» TASK GOAL: The data below holds the lines to copy: everything from the line containing "Sand Spit Kuraman Island" to the line containing "Renovated 4LDK Detached", both ends included, set down exactly.

» MATERIAL TO PROCESS:
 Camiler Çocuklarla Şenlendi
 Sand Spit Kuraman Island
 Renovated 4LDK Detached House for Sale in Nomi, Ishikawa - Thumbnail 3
...
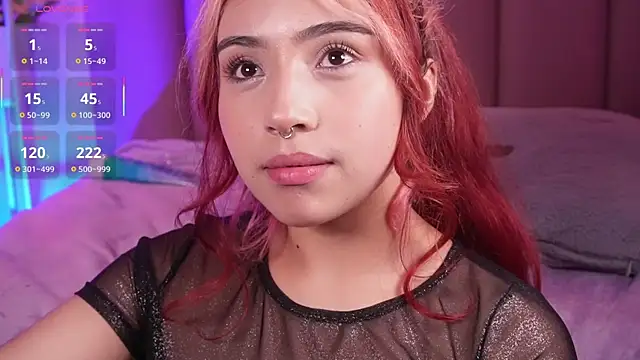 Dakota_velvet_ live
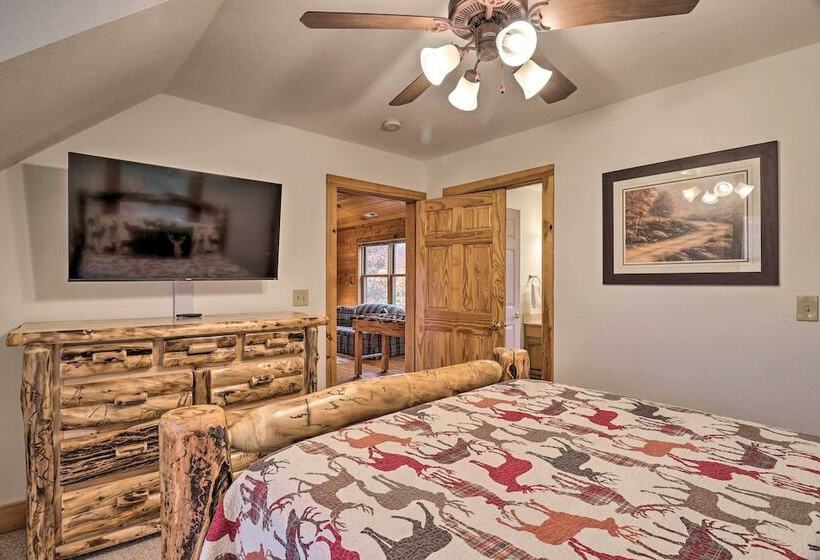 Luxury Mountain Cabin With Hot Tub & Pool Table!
--
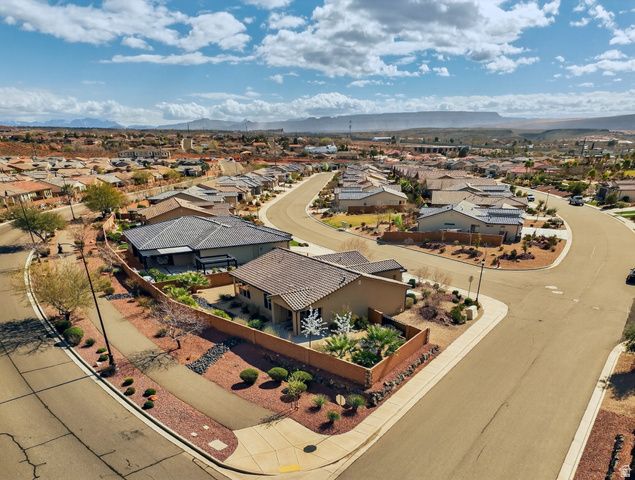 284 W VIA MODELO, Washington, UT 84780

» RESULT:
 Sand Spit Kuraman Island
 Renovated 4LDK Detached House for Sale in Nomi, Ishikawa - Thumbnail 3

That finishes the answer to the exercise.